The study says a zone collection system could reduce vehicle miles traveled by 49-68% and in turn reduce greenhouse gas emissions by 42-64%. Yet these numbers are based on hypothetical routes that may differ from the realities of nightly collections. The needs of different businesses on a block or in a neighborhood may be hard for a single hauler to meet in a geographically efficient way. This could also be a big point of discussion in the planning process.
As seen in the city’s recent Zero Waste Challenge, many local businesses are interested in increasing their diversion rates. Data analyzed from BIC’s Customer Register found that the average price for recyclables collection is only about 5% less than putrescible waste.
Larger customers were found to more frequently receive discounts for recycling and have their waste collected in separate trucks. Smaller customers often paid the same and saw all their material placed in the same truck. "Such flat-rate pricing across all waste streams reduces the incentive to recycle for these customers," says the report. Finding ways to make recycling cost-effective for both customers and haulers will be important.
The market analysis found that larger customers pay less than smaller customers on average — $9.60 per ton as compared to $13.20 per ton — and often have more leverage. They’re also more likely to have longer term contracts.

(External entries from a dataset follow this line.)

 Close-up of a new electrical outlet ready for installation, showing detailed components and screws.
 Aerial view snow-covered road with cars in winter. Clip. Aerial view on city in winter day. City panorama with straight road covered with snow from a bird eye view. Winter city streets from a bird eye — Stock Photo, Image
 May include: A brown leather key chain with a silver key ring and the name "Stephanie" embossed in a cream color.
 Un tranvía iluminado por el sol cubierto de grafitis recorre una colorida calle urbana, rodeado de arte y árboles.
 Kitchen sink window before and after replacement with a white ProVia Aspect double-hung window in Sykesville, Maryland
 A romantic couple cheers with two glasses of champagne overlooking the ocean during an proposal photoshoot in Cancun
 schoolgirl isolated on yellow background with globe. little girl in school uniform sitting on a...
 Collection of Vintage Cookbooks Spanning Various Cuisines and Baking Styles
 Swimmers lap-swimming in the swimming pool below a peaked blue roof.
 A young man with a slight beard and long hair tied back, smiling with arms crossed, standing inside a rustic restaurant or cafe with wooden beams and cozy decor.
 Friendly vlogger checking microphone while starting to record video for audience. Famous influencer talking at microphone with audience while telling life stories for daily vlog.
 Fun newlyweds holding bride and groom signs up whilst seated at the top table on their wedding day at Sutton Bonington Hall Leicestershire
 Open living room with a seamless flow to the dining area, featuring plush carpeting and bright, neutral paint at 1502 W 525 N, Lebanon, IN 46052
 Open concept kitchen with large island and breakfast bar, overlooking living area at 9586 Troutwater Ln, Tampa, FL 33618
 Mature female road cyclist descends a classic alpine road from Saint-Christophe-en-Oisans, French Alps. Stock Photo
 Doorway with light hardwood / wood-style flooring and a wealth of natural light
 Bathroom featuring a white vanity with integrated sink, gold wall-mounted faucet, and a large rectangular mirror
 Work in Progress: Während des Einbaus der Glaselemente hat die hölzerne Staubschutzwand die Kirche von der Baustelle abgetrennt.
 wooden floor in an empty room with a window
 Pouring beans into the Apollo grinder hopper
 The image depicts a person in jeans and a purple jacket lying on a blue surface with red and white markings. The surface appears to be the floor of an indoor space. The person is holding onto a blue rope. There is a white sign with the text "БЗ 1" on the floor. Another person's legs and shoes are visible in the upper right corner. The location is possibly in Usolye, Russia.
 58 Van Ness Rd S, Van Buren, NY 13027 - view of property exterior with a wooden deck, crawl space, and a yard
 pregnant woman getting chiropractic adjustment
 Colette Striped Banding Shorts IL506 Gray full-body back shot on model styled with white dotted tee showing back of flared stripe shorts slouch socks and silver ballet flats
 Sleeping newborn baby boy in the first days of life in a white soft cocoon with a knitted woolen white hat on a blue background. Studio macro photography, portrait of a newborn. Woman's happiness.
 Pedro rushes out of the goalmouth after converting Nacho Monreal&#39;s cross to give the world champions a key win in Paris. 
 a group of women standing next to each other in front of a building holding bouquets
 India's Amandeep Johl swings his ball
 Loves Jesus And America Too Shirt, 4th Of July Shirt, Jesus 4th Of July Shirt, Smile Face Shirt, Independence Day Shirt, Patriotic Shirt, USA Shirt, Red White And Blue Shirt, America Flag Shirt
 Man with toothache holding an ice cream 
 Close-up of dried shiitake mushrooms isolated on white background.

When interviewed about a potential zoning system, some customers expressed concerns about what it would mean to have fewer options and whether they could use the same hauler for locations in multiple neighborhoods. One cost impact scenario in the study also found that the costs of requirements around labor, diversion rates and equipment could potentially be passed on to customers.
Overall the study found that customers were positive about the potential environmental and labor benefits. Though it did include one interesting sidenote: "...representatives of larger customers, with a more sophisticated grasp of public policy, did raise queries as to whether environmental goals could be achieved through alternate policy choices, such as mandatory recycling and composting programs, or stricter fuel emissions standards for commercial carting trucks."
This argument is a favorite of many in the carting industry and is sure to come up again.
The next five years?
The preliminary timeline set by DSNY includes two years of planning, followed by legislation and an implementation period. In total this could take at least five years. When asked for specific next steps in the planning process, DSNY had no comment.
Long-term solid waste policy is understandably complicated and takes time. For example, New York is still working toward fully implementing its 2006 Solid Waste Management Plan. On an organizational level it’s unclear whether DSNY will assume responsibility for this zone collection system or BIC’s role and size will be expanded.
On the political front, some players could change next year as Mayor Bill de Blasio is up for reelection and a number of City Council members are term-limited. Some industry representatives have signaled intentions to push back on the plan and some have already begun. Large national companies may also begin looking into the possibility of bidding on a zone.
New York’s commercial waste world moves fast, but a change of this scale is going to take plenty of time.